Individuals with a high intake of tea, berries and apples are less at risk of developing cognitive complications, new research indicates.

Following a diet high in flavanols has been found to prevent cognitive decline later in life, academics have said.

Older people can improve their mental ability by consuming 500mg of flavanols every day, the study has reported.

Senior author, Professor Scott Small said: “The findings formed part of a growing body of research that is starting to reveal that different nutrients are needed to fortify our ageing minds.”

More than 3,500 adults aged roughly 71 years old took part in the study by either taking a daily 500mg flavanol supplement or a dummy pill for three years.

According to the results, the adults taking a flavanol supplement had a better memory than those taking a dummy pill.

Professor Aedin Cassidy said “It was a really important study, especially since the dose required for brain health improvement was readily achievable.
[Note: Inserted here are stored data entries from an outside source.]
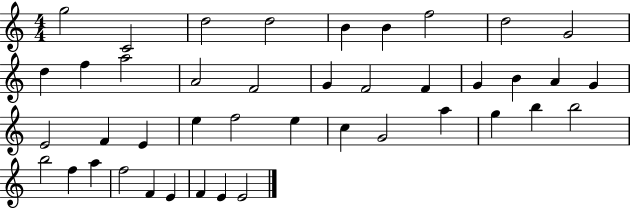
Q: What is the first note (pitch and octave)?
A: G5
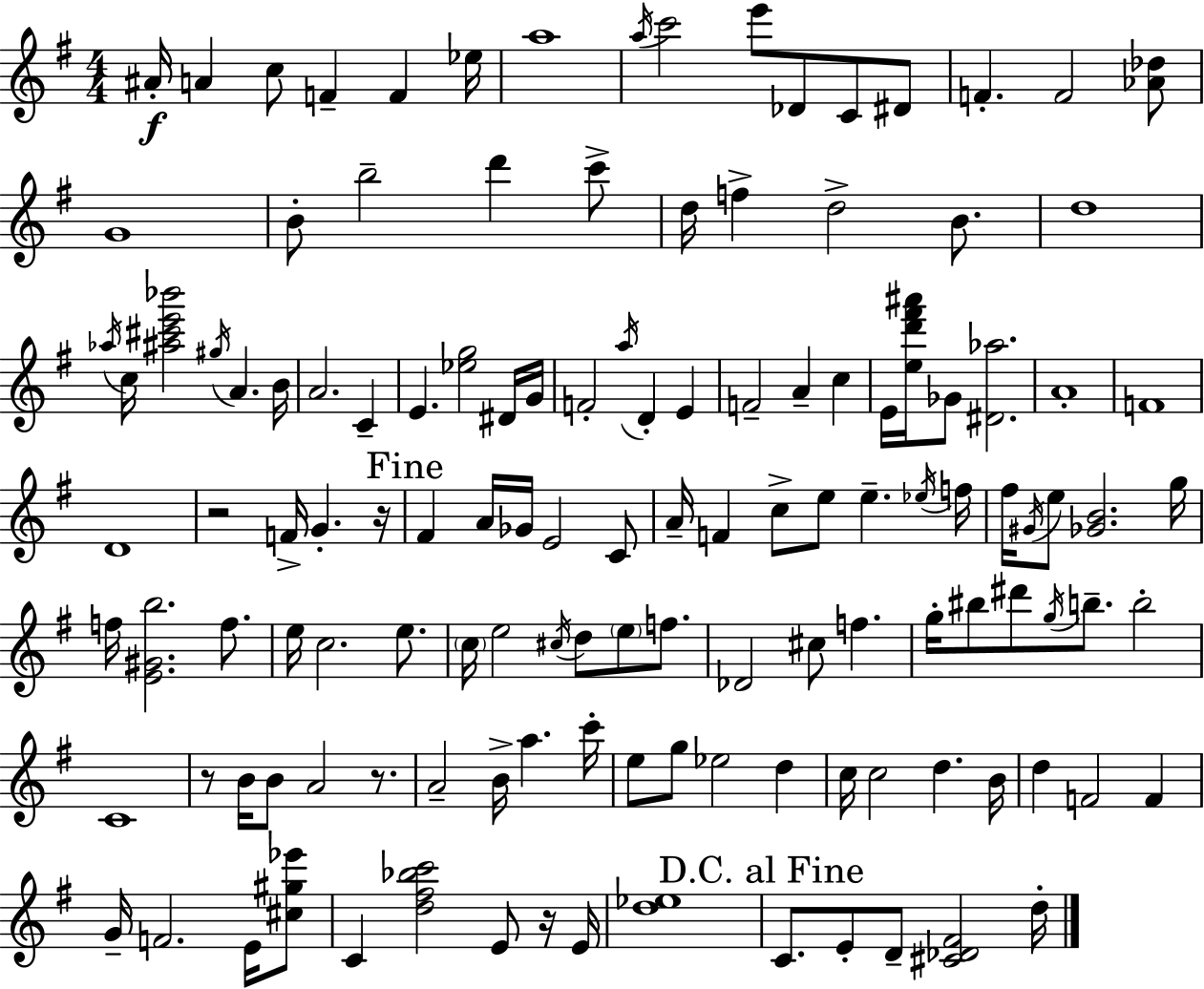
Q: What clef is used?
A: treble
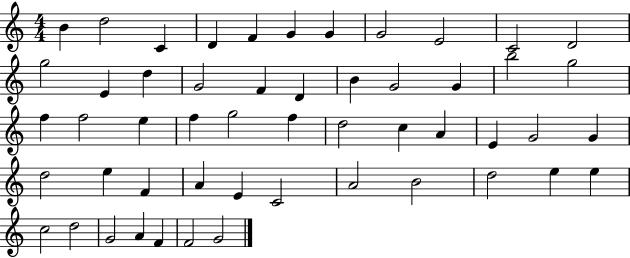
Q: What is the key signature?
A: C major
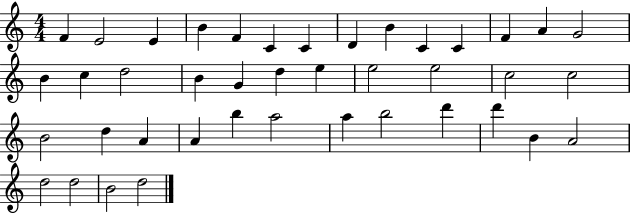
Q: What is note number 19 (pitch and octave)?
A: G4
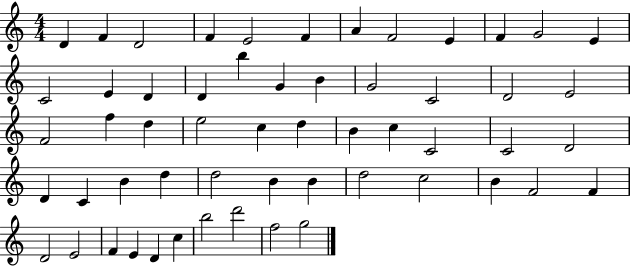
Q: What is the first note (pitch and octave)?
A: D4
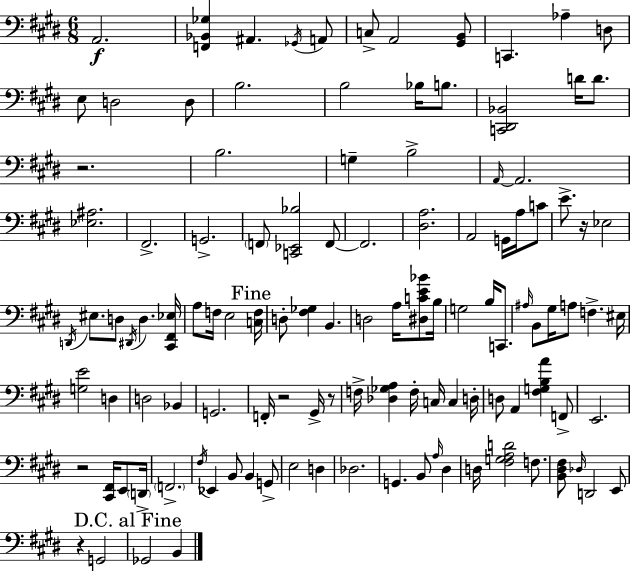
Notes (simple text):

A2/h. [F2,Bb2,Gb3]/q A#2/q. Gb2/s A2/e C3/e A2/h [G#2,B2]/e C2/q. Ab3/q D3/e E3/e D3/h D3/e B3/h. B3/h Bb3/s B3/e. [C2,D#2,Bb2]/h D4/s D4/e. R/h. B3/h. G3/q B3/h A2/s A2/h. [Eb3,A#3]/h. F#2/h. G2/h. F2/e [C2,Eb2,Bb3]/h F2/e F2/h. [D#3,A3]/h. A2/h G2/s A3/s C4/e E4/e. R/s Eb3/h D2/s EIS3/e. D3/e D#2/s D3/q. [C#2,F#2,Eb3]/s A3/e F3/s E3/h [C3,F3]/s D3/e [F#3,Gb3]/q B2/q. D3/h A3/s [D#3,C4,E4,Bb4]/e B3/s G3/h B3/s C2/e. A#3/s B2/e G#3/s A3/e F3/q. EIS3/s [G3,E4]/h D3/q D3/h Bb2/q G2/h. F2/s R/h G#2/s R/e F3/s [Db3,Gb3,A3]/q F3/s C3/s C3/q D3/s D3/e A2/q [F#3,G3,B3,A4]/q F2/e E2/h. R/h [C#2,F#2]/s E2/e D2/s F2/h. F#3/s Eb2/q B2/e B2/q G2/e E3/h D3/q Db3/h. G2/q. B2/e A3/s D#3/q D3/s [F#3,G3,A3,D4]/h F3/e. [B2,D#3,F#3]/e Db3/s D2/h E2/e R/q G2/h Gb2/h B2/q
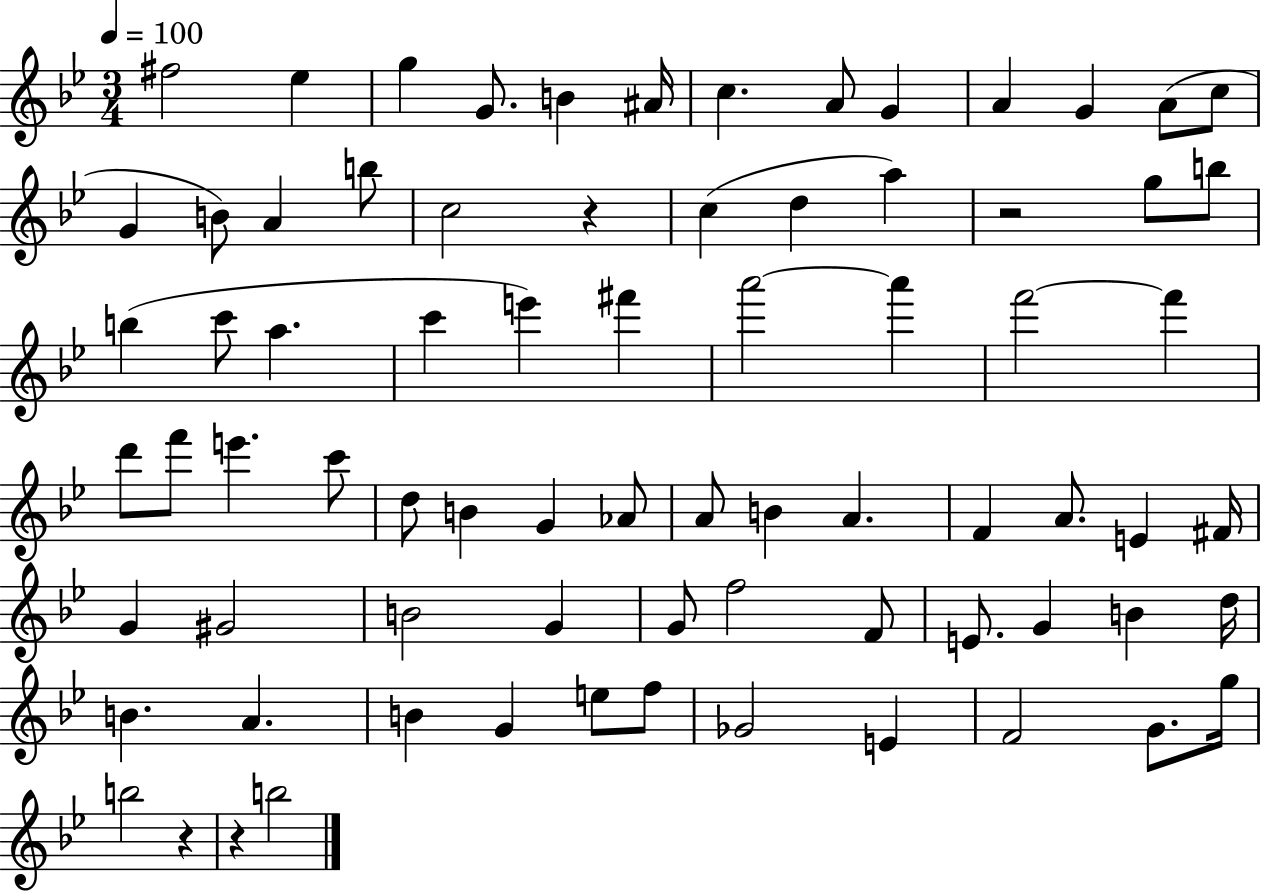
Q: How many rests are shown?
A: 4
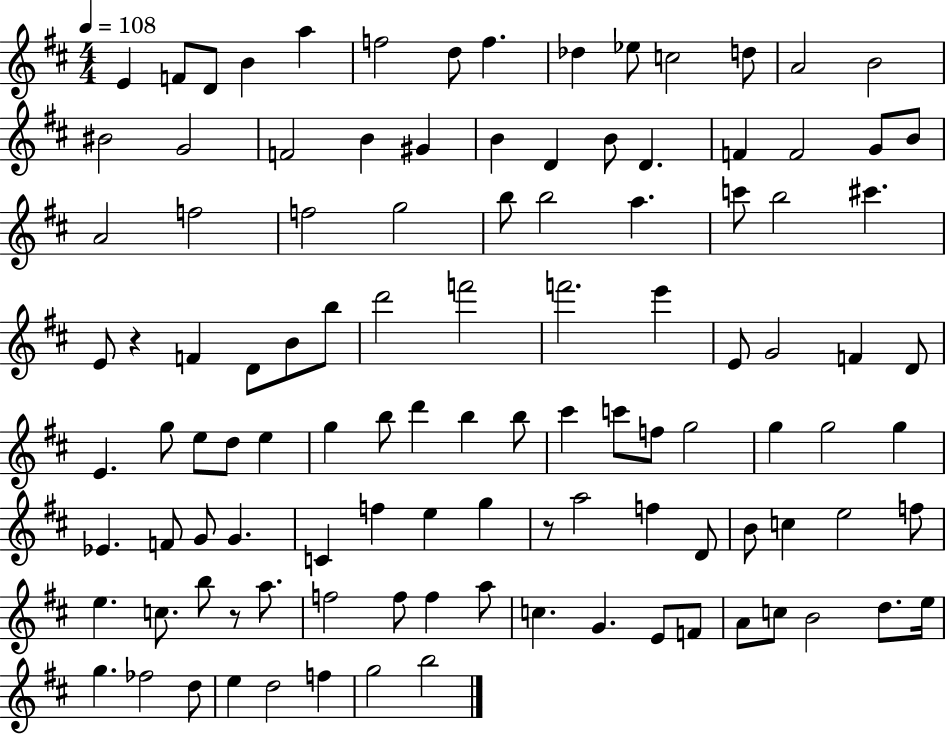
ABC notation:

X:1
T:Untitled
M:4/4
L:1/4
K:D
E F/2 D/2 B a f2 d/2 f _d _e/2 c2 d/2 A2 B2 ^B2 G2 F2 B ^G B D B/2 D F F2 G/2 B/2 A2 f2 f2 g2 b/2 b2 a c'/2 b2 ^c' E/2 z F D/2 B/2 b/2 d'2 f'2 f'2 e' E/2 G2 F D/2 E g/2 e/2 d/2 e g b/2 d' b b/2 ^c' c'/2 f/2 g2 g g2 g _E F/2 G/2 G C f e g z/2 a2 f D/2 B/2 c e2 f/2 e c/2 b/2 z/2 a/2 f2 f/2 f a/2 c G E/2 F/2 A/2 c/2 B2 d/2 e/4 g _f2 d/2 e d2 f g2 b2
“For example, one mug of tea, six squares of dark chocolate, a couple of servings of berries and apples would together provide about 500mg of flavanols.”

Ian Johnson, emeritus fellow at the Quadram Institute in Norwich, said: “The large and rigorously conducted research added to previous evidence showing the importance of diet as a factor supporting cognitive health in later life. Further studies were probably needed to explore the benefits of flavanol supplements in depth.”

However, Professor David Curtis said: “The study fails to provide evidence that increasing flavanol intake is beneficial and there is no need for anybody to contemplate changing their diet in the light of its findings.”

Carl Hodgetts, senior lecturer in cognitive neuroscience at Royal Holloway, University of London, said: “Research into the relationship between nutrition and the brain could help with the fight against dementia.”